Photo London is an attempt to make London THE cultural city for photography by gathering over 70 galleries from all over the world to London to present and sell some of the amazing photography they have in their galleries, showing both historical photographs from Henry Fox Talbot and other 19th Century photography pioneers to contemporary artists like Annie Leibovitz and Sebastião Salgado.

It was exciting to walk through the small rooms at Somerset House with the other members of CreateVoice and see and talk about so many great photographs. I liked that it included so many different types of photography from old sepia-toned albumen prints of London to black and white portraits to more modern colourful cityscapes of Paris and New York. I especially liked the photographs in black and white or subdued colours showing scenes from city life or abandoned urban landscapes.

My favourite part of the show and the reason we had been invited in the first place, was to see the V&A museum’s exhibition Beneath the Surface, which featured photographs from the middle of the 19th Century to photographs taken only a few years ago. The idea behind the exhibition has been to dig beneath the surface of what is usually shown from the V&A’s photographic archive and to do an excavation of the archive to show photographs that have rarely or never been on display and to discover artists which have gone unnoticed until now. The idea was also to show the surface of the photograph as a material that has been experimented and played with through both historical and modern techniques but also to show images where the surface is the subject.The exhibition has been placed in the lower ground of Somerset House which gave it a cave-like feel when you walked around underneath the building and fit well with the idea of going beneath the surface of something.

I love the idea behind the exhibition of excavating and discovering both old and new artists and I loved the mix of old-sepia coloured albumen prints placed next to modern and white photogram experiments. I think that because it had been curated with an idea behind it instead of showing examplary pieces to be sold like in the other galleries upstairs, the V&A’s exhibition felt more like it was actually showing what photography is and what it can be.

I had so many favourites in that room and can’t possibly mention all of them but I really liked the traditional platinum photographs of Trees in Summer and Winter taken by Henry Irving, showing the same tree photographed from the same position at summer and winter time, showing how the tree changed with the season.
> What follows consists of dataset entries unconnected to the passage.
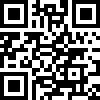 https://ettelaat.com/x32S7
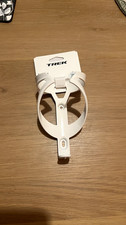 Trek Elite Cage Bottle Holder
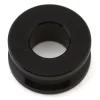 Specialized Bottle Cages & Mounts|Replacement Parts|Alloy Water Bottle Cage Spacer (Black) (Single)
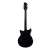 Guitarra Eléctrica Yamaha Revstar RS 420 en internet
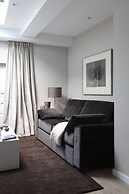 Apartments Rambla 102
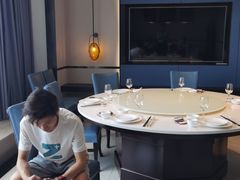 包厢-湖锦酒楼·32年地道湖北菜(光谷店)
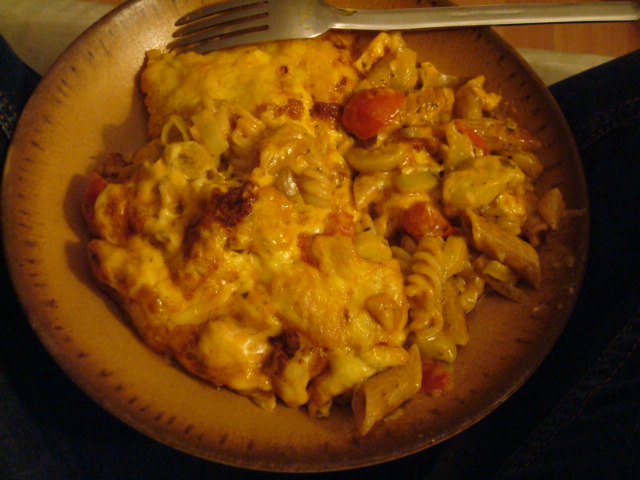 essen (39).JPG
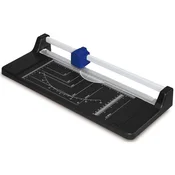 DESQ diskovni rezalnik 32cm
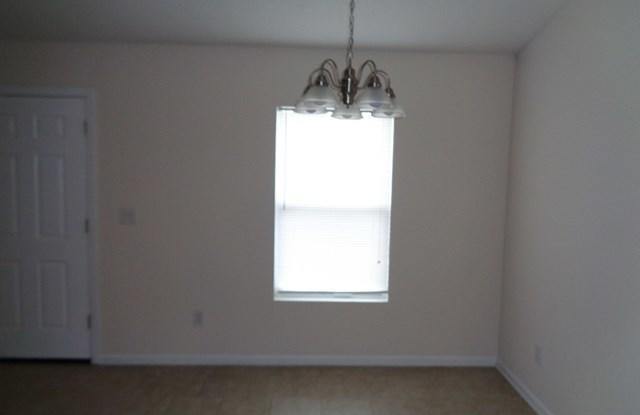 8717 TRISTAN DR Gallery 4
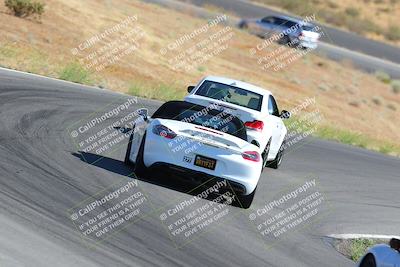 media/Jul-08-2023-Speed Ventures (Sat) [[a5750799c9]]/4-Blue/session 1 turn 4/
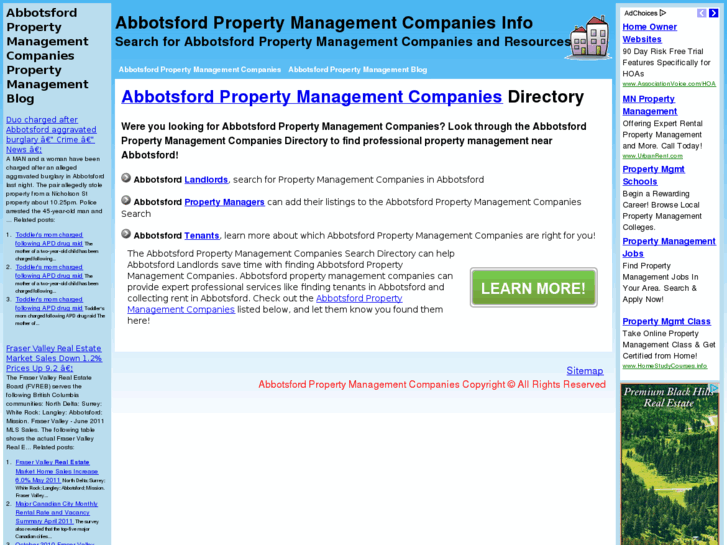 www.abbotsford-property-management-companies.info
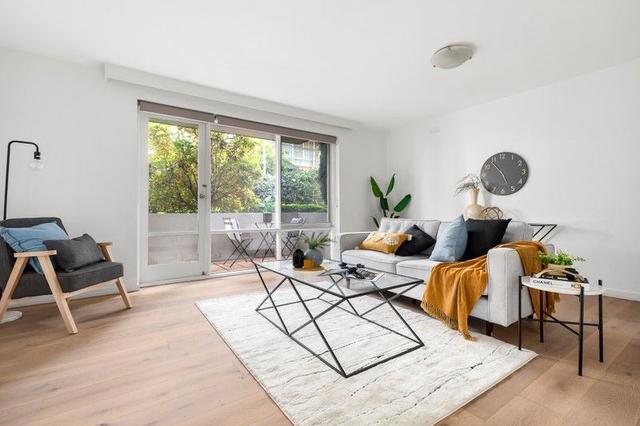 3/411 Toorak Road, VIC 3142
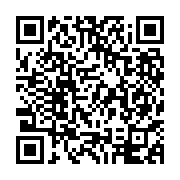 공지사항 페이지 바로가기 주소(https://business.jangseong.go.kr/q/ezIyNXwyMzEwfHNob3d8cGFnZT0xMjZ9&e=M&s=3), QRCODE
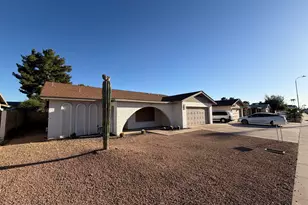 4807 W Beryl Ave N, Glendale, AZ 85302 - Photo 2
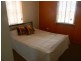 121 The Esplanade, Bowen QLD 4805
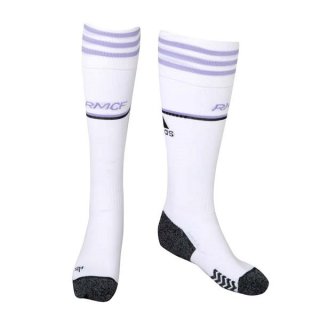 Calzettoni Real Madrid Home 2022/23 Calzettoni Real Madrid Home 2022/23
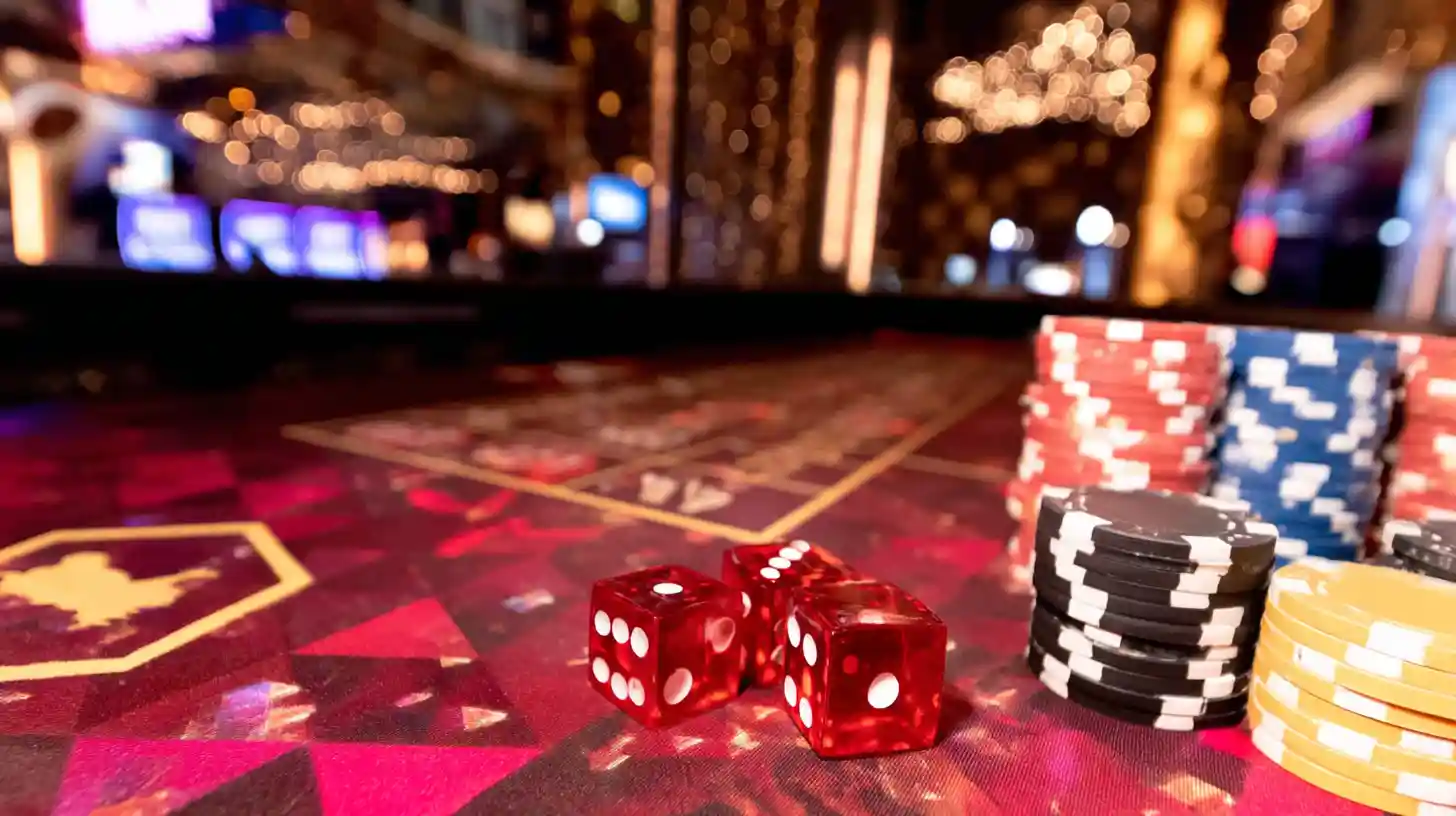 777 10 jili casino login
I was also very fascinated by a series of black and white photographs by Elizabeth Williams called Weathering the Storm which showed a reflection on the surface of water as a storm passes over it and changes the reflection.

But my absolutely FAVOURITE part of that whole evening was seeing the only existing photobook of The Face of the Water by David Kronig. I thought it fit well with the overall idea of the exhibition but the reason I really loved these photographs was that there was something really poetic about the still images of moving water taking different shapes and creating different patterns on the surface. I really longed to be able to take my own copy home with me and just spend hours letting myself stare at them and drown in the images.

I thought the exhibition and the fair was very inspiration and it made me want to go either straight into the streets to take photographs of the city or to go straight home to experiments with photograms and cyanotypes.

It really was an incredible evening and I’m so glad I got to see it! The only regret I have is that I was so busy enjoying myself and taking in all the fantastic artwork that I forgot to take any pictures of the evening. Something I really wish I had done!


Photo London is only open this weekend 21-24 May but the V&A’s exhibition Beneath the Surface runs until August 24 and only costs £6 in entry! If you are in London and love photography you should definitely try to go see it!